Numerical analysis of in-flight particles in plasma jet with an externally applied magnetic field

Abstract

In this work, three-dimensional, time-dependent magnetohydrodynamic (MHD) simulations of a direct-current (dc) plasma spray with an externally applied magnetic field are performed, and also the trajectories and heating histories of in-flight particles in a plasma spray jet are analyzed by Lagrangian method with one-way coupling between particle and plasma jet. The working gas is pure argon (Ar) and the material of in-flight particles is zirconium dioxide (ZrO₂). The representative values of operating current and magnetic flux density of externally applied magnetic field in this work are 350 A and 0.8 T, respectively.
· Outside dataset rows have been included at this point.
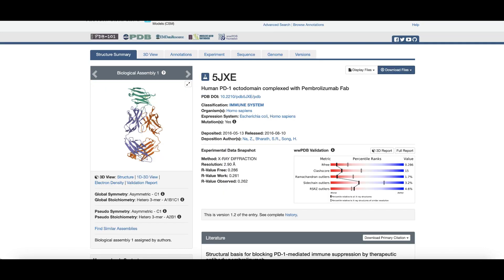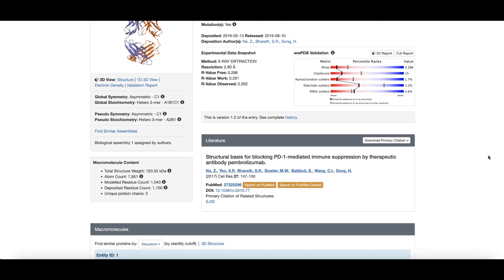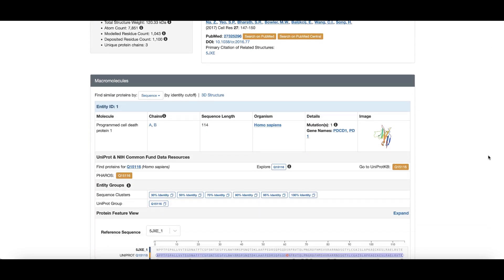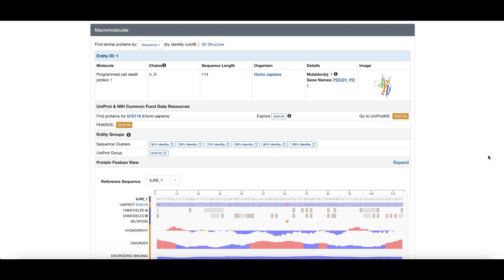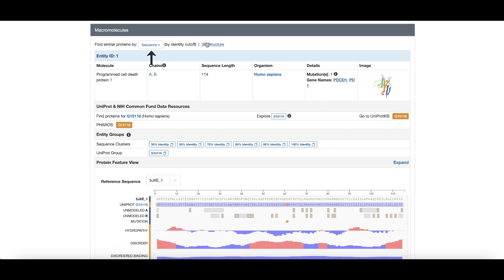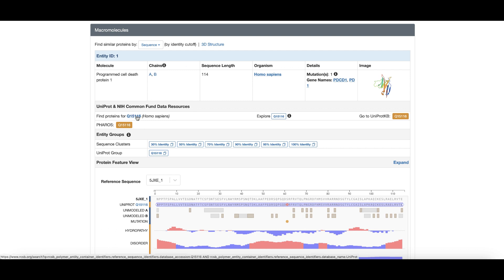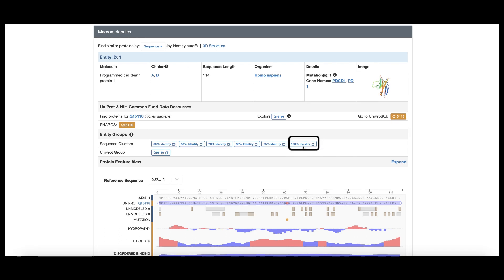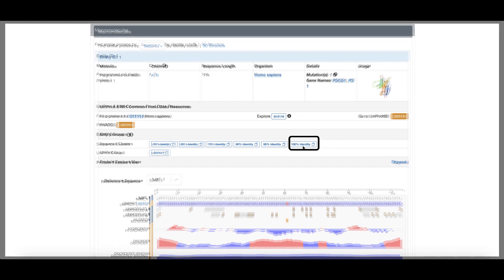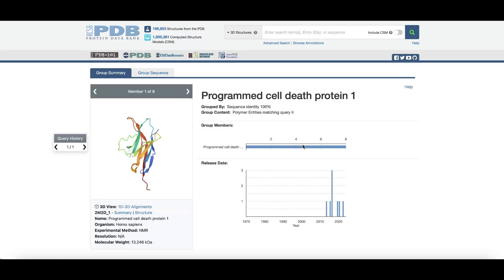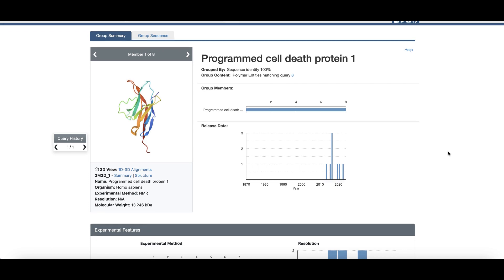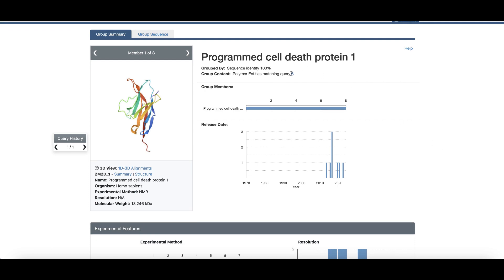In addition to presenting details about the structure, this page provides simplified options to search for PDB entries with similar sequences, 3D shapes, the same UniProt identifiers, and more. Click on this button to find other PDB structures that contain a protein with the same amino acid sequence as human PD-1 in this structure. The rcsb.org group summary page shows eight structures in this group.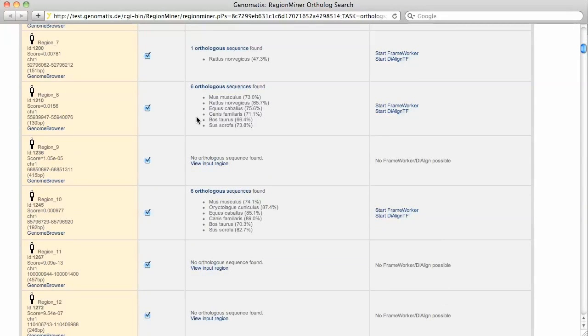And here we find a region with six orthologues in mouse, rat, horse, dog, cow and pig. Let's have a look at it in the genome browser.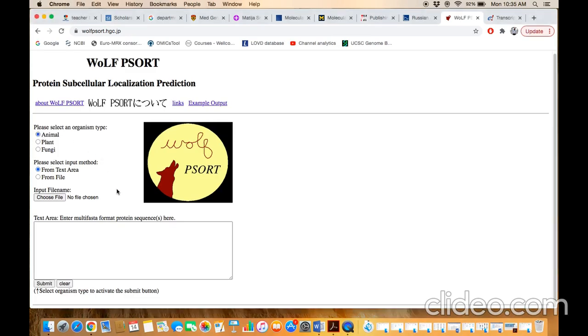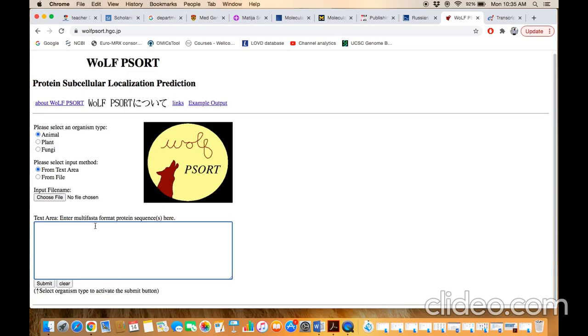Secondly, we have two modes of importing the sequence. The first one is we need to paste the sequence here in this query box in the FASTA format, or we need to save the sequence in a file and import the file from this choose file button. For example, we are using this area for the protein to be imported inside this box.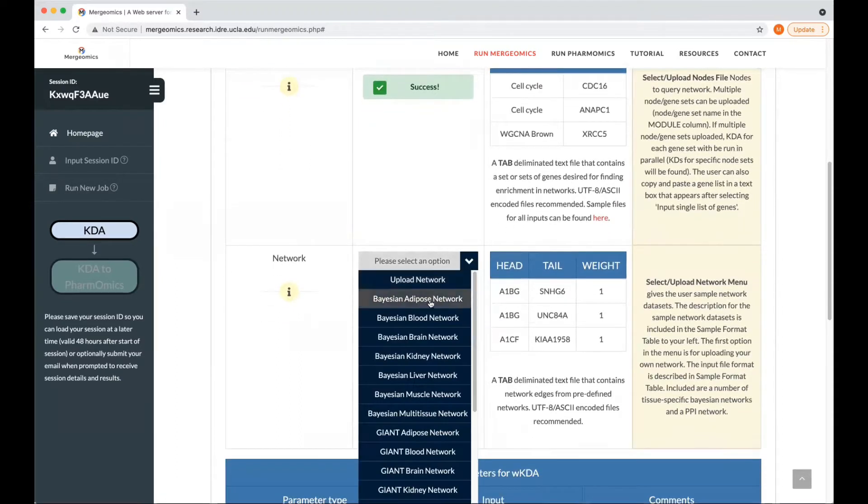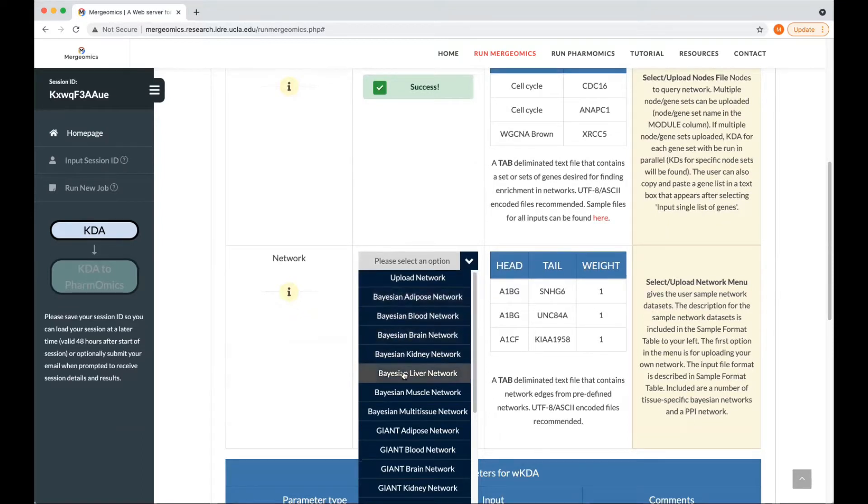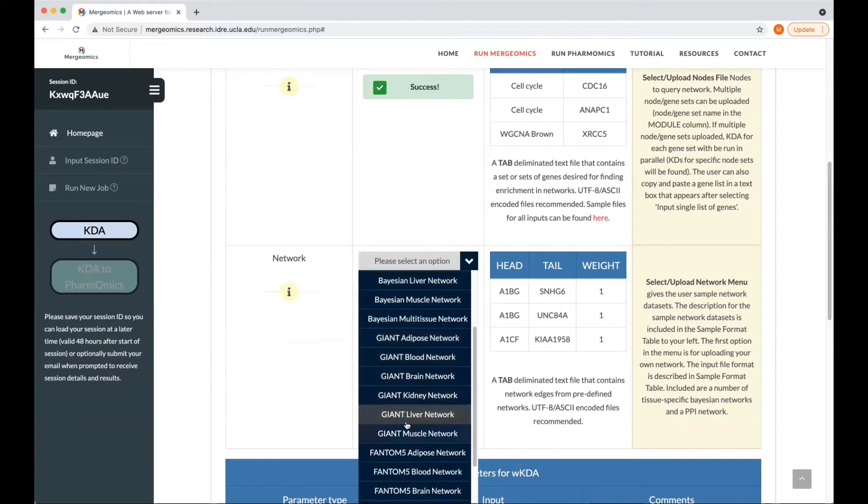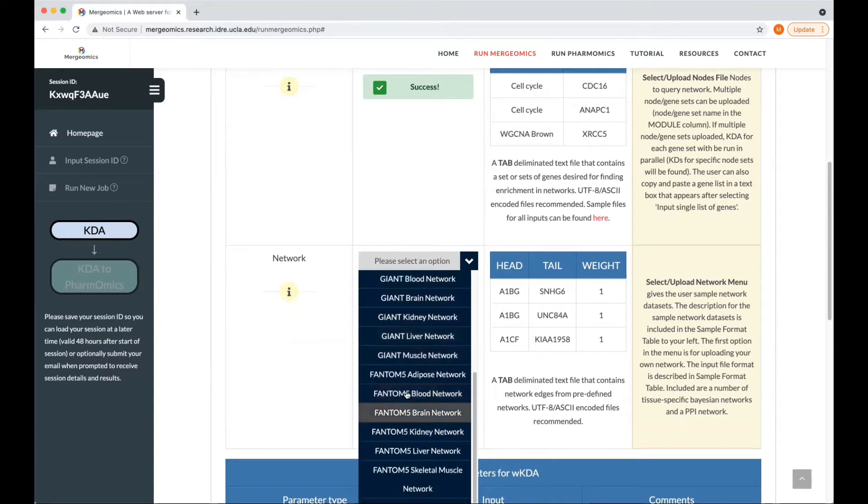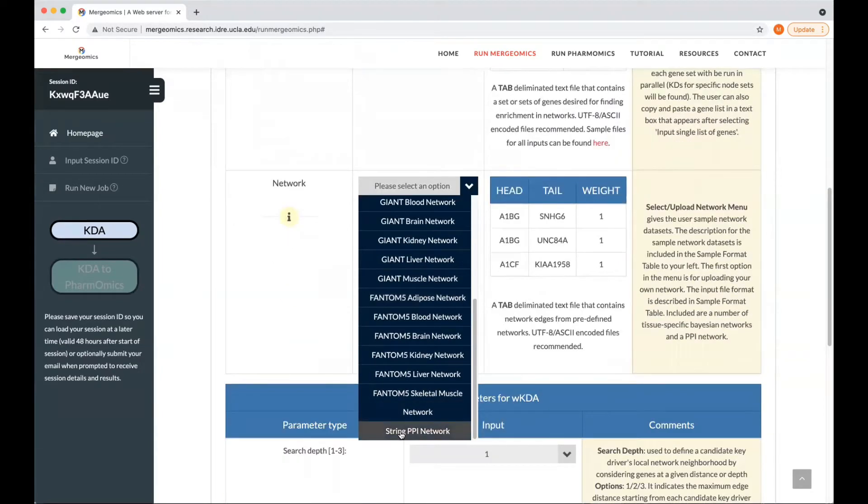Here we provide a long list of different networks that are tissue specific, where Bayesian are gene regulatory networks, GIAN are also gene regulatory networks, FANTOM5 are transcription factor networks, and finally, the string PPI network is a protein-protein interaction network, and we will utilize this for this example.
Numerical results obtained in the MHD simulation demonstrate that the use of externally applied magnetic field yields the rotation of the arc root on the anode. This rotation generates a plasma jet with a swirling component. Furthermore, it is shown from the numerical results that applying the magnetic field increases the operating voltage and thus boosts an amount of input power compared to the one without applying it. The analytical results of in-flight particles suggest that the impact positions of in-flight particles on the substrate in the case with the externally applied magnetic field change temporally due to the swirling component of the plasma jet, even when the injected position of particles is fixed. However, the utilization of externally applied magnetic field enhances heat transfer to particles, which leads to impacting of particles on substrate with well-molten state because of higher enthalpy plasma jet.